編集者注: BigQuery へのオンプレミス データ ウェアハウジングの移行の一環として、Twitter と Google Cloud の両チームで Google Cloud リソース階層アーキテクチャを構築し、Hadoop 分散ファイル システム(HDFS)と BigQuery の 1 対 1 のマッピングを実現しました。スケーラビリティとセキュリティを重視して設計されたこのアーキテクチャは、HDFS / Google Cloud Storage(GCS)データ レイアウト構造とアクセス制御をミラーリングすることで BigQuery のスムーズな導入を実現するよう設定されており、スケーラブルなコンピューティングの導入が可能です。このブログ記事作成にご協力いただいた Vrushali Channapattan 氏(Twitter の元チームメイト)および Google の Vrishali Shah に著者一同よりお礼申し上げます。


Twitter 全体でデータ ウェアハウジングの利用を拡大

Twitter のリソースを階層化して BigQuery をスムーズに導入した方法を説明する前に、まずは Twitter が Google Cloud と BigQuery を選んだ理由と、移行前のデータ ウェアハウスの設定方法について説明させていただいたほうが理解しやすいと思います。2018 年に Twitter がデータ ウェアハウジングに使用していたインフラストラクチャには、プログラミングのバックグラウンドを必要とするツールが含まれており、大規模なパフォーマンスの問題を抱えていました。データはサイロ化されており、アクセス方法にも一貫性がありませんでした。
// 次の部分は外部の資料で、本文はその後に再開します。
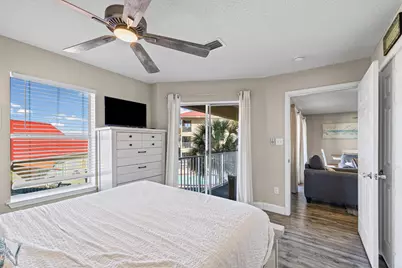 7476 Sunset Harbor Drive #APT 423, Navarre, FL 32566 - Photo 13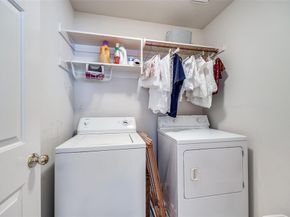 1536  Waterside Court , Dallas Texas 75218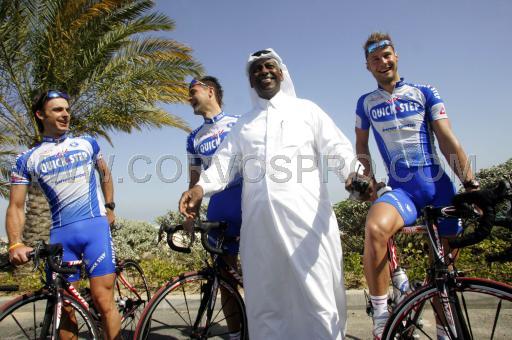GP Doha International<br />29 januari 2005<br />Servais, Kevin en Tom met een SUPPORTER!<br /><br />FOTO: COR VOS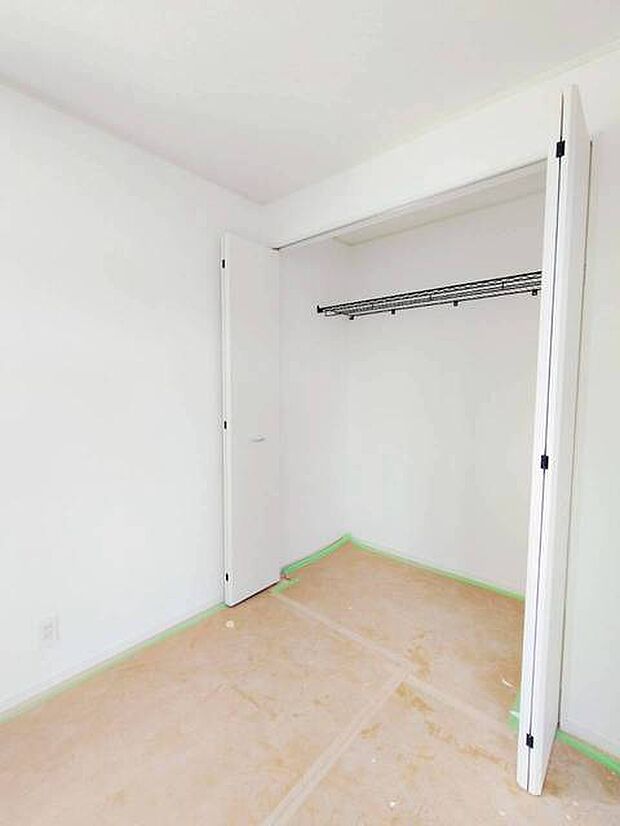 各お部屋に収納が設置されています。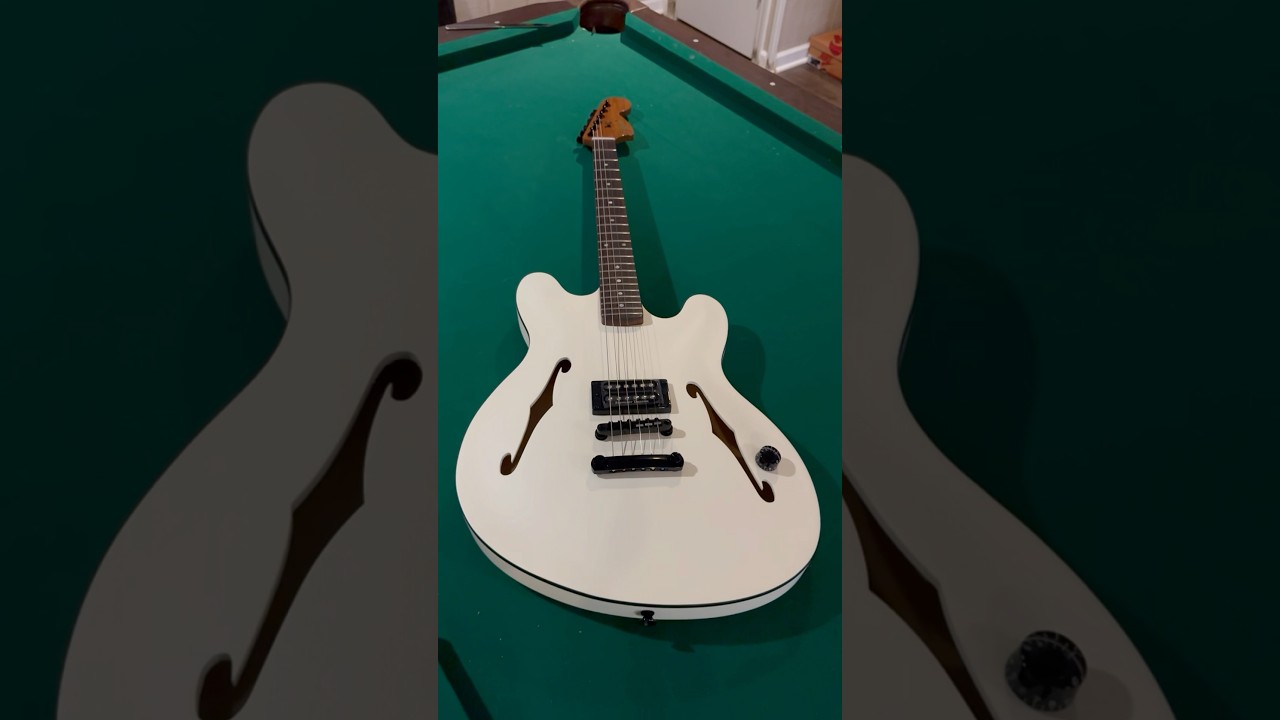 fender starcaster olympic white. tom delonge of blink 182 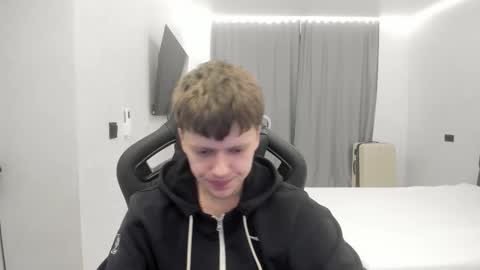 Snapshot of thomas_shelbivip chatting on February 10, 2:48 am Tomas online show from February 10, 2:48 am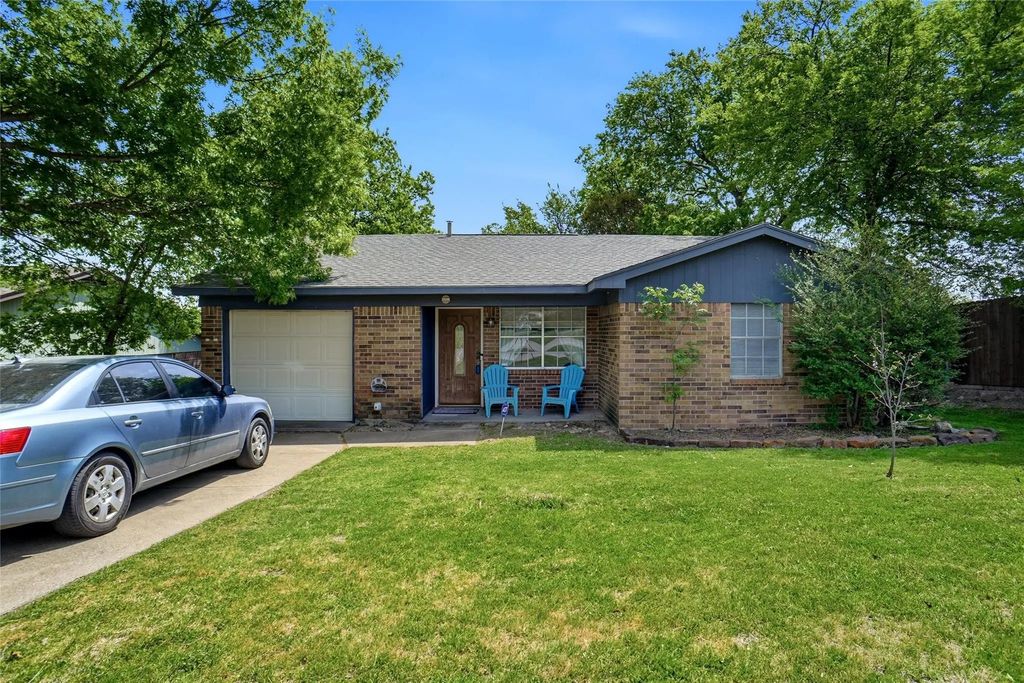 841 Lake View Ridge, White Settlement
社員が自らデータを分析および可視化でき、同時に機械学習をテストする開発速度を向上させるために、Twitter は 2019 年にデータの処理と分析を民主化するミッションに着手しました。データ分析情報を改善し、生産性を向上させるために、スケーラブルかつクラウド ファーストなデータ ウェアハウスへの移行を決断したのです。一人ひとりの技術スキルに関係なく、すべての社員がデータにアクセスして分析でき、ビジネス インテリジェンスや分析情報を活用できるよう、移行先のデータ ウェアハウスはシンプルかつパワフルである必要がありました。そこで Twitter のデータ プラットフォーム チームは、使いやすさ、パフォーマンス、データ ガバナンス、システム運用性の観点から BigQuery を選択しました。2019 年にオンプレミスのデータ ウェアハウジング インフラストラクチャから BigQuery への移行を開始し、2021 年 4 月に Twitter での BigQuery 一般提供をスタートしました。

現在では、何万もの BigQuery テーブルに格納されたおよそ 1 エクサバイトのデータに対して、Twitter 社員により 1 か月あたり数百万件のクエリが実行されています。さらに、Twitter の内部データ処理ジョブにより、エクサバイト級の非圧縮データが処理されています。

スムーズに移行し、完了後にこうしたスケーリングを有効にするために、Twitter のデータ プラットフォーム チームと Google Cloud チームはいくつかの要件を提示しました。そのなかで最も重要な要件が、オンプレミスのリソース階層を BigQuery に 1 対 1 でマッピングすることでした。その他にも、BigQuery の設定が Twitter の Identity and Access Management(IAM)ストラクチャをミラーリングして、Twitter 社員が分析する顧客データを保護するという要件もありました。こうした要件を念頭に置いて、両チームは作業を開始しました。

1 対 1 のマッピングに向けたストレージ プロジェクト階層の構築

Twitter の BigQuery 構造には、ストレージとコンピューティングという 2 つの異なるタイプのプロジェクトがあります。ストレージ プロジェクトは、データのみを保存するように設計されています。一方、ストレージ プロジェクトに保存されているデータを操作するデータ処理ジョブは、コンピューティング プロジェクト内で実行する必要があります。このセクションでは、ストレージ プロジェクト向けのリソース階層について説明します。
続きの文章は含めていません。